(Host) Southern Vermont has a “moderate” fire danger rating according to the state’s Department of Forests and Parks. The state has a five-tier warning system from “low” to “extreme” that gauges how likely it is for a wildfire to ignite.
The southern four counties in Vermont have received less precipitation this summer than the northern and central areas of the state. State officials say leaves and dead softwood that fuel wild fires are drying out, increasing the possibility of fires. Tess Greaves coordinates fire weather information for the Department of Forests and Parks:
(Greaves) “If we don’t get rain, we can have a fire season. If we get rain sporadically, that will keep fire danger down.

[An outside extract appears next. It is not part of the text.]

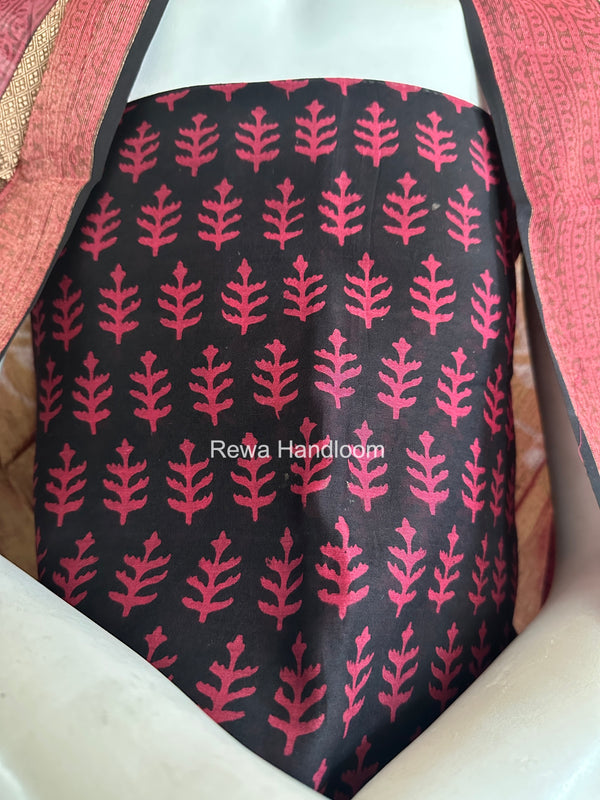 Maheshwari Black-Pink Bagh Print Suit BSP0241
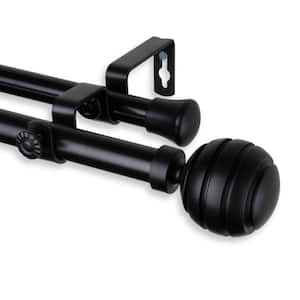 28 in. - 48 in. Telescoping Double Curtain Rod Kit in Black with Poise Finial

But if we go days, a week or two without rain, and after frost and the leaves come off the trees, we can go into high fire danger.
(Host) Precipitation on Thursday covered the entire state and helped to dampen the forests and undergrowth. But Greaves says that, like in neighboring states, the real fire danger in Vermont isn’t nature.

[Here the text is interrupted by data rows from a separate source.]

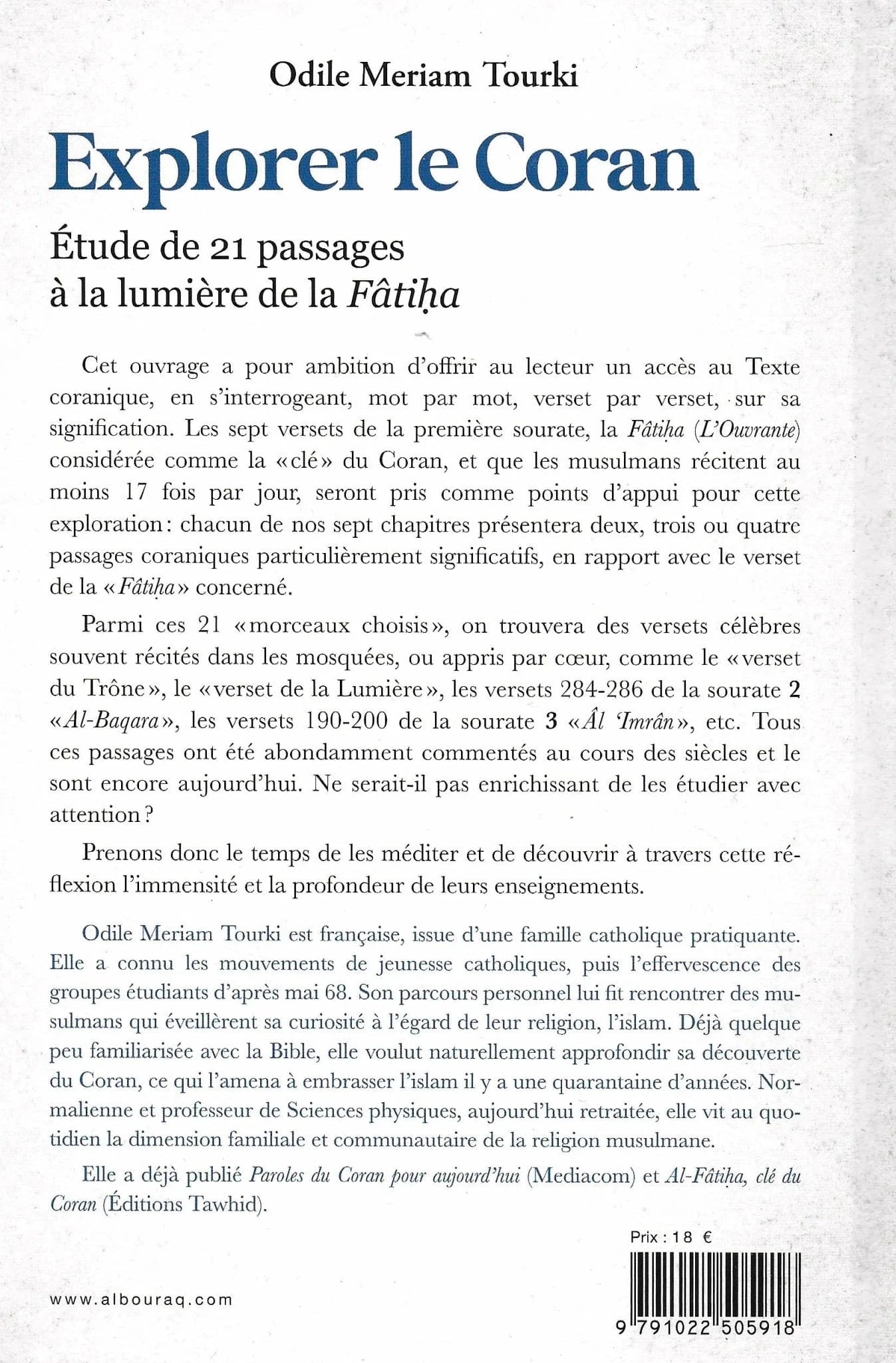Explorer le Coran - Étude de 21 passages à la lumière de la Fâtiha par Odile Meriam Tourki Al Bouraq Livre > Islam 9791022505918 Librairie Musulmane Al-imen
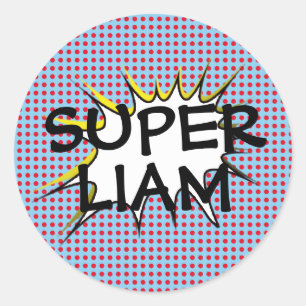 Superhjälte Födelsedagsfest Stickers Runt Klistermärke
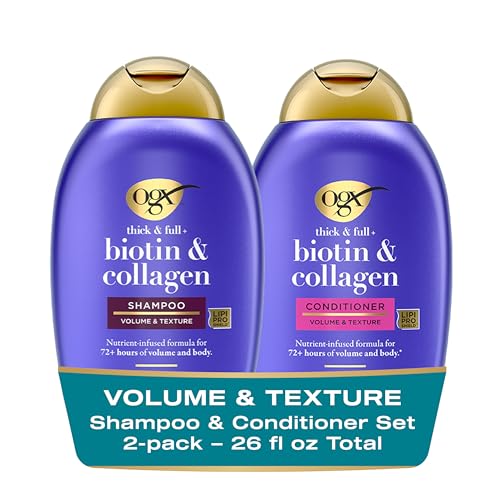 OGX Thick & Full + Biotin and Collagen for Hair Volume & Body, Sulfate Free Volumizing Shampoo & Conditioner Set for Fine & Thinning Hair, Nutrient-Infused, Vitamin B7, 13 fl oz, 2 Pack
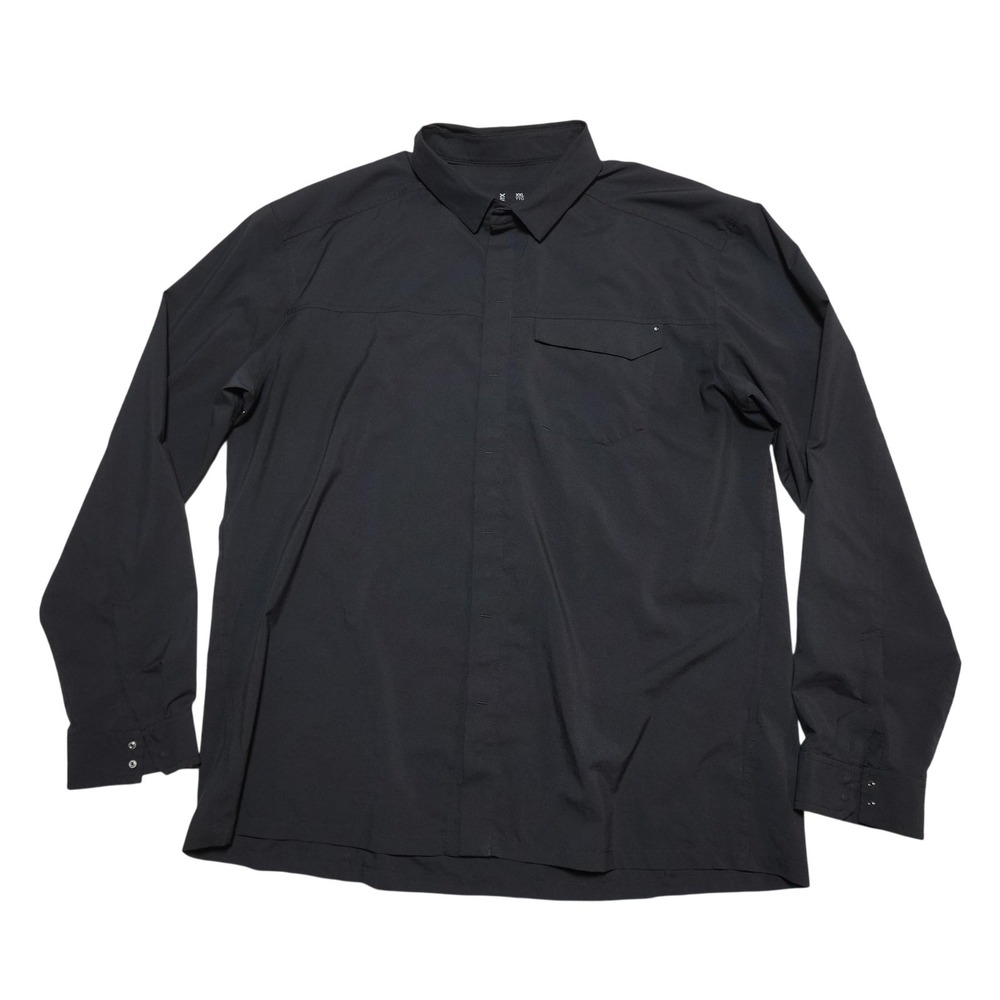 Arc'teryx Shirt Mens 2XL Black Solid Long Sleeve Snap Button Up Outdoor Casual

(Greaves) “The cause of fire in Vermont is from people. And right now campfires are causing problems. It’s part of the Adirondacks problems, it’s part of the New Hampshire problems. And I’ve talked to our fire guys at the Green Mountain National Forest in the last week or so and they said there’s a lot more people in the woods that are building campfires and not extinguishing them properly. They’re small but they can smolder for days and they can burn underground. You know, they’re just waiting for the right condition to flare up and start some major event.”
(Host) Greaves says it’s very important that campers and others make sure their fires are completely extinguished before leaving the woods.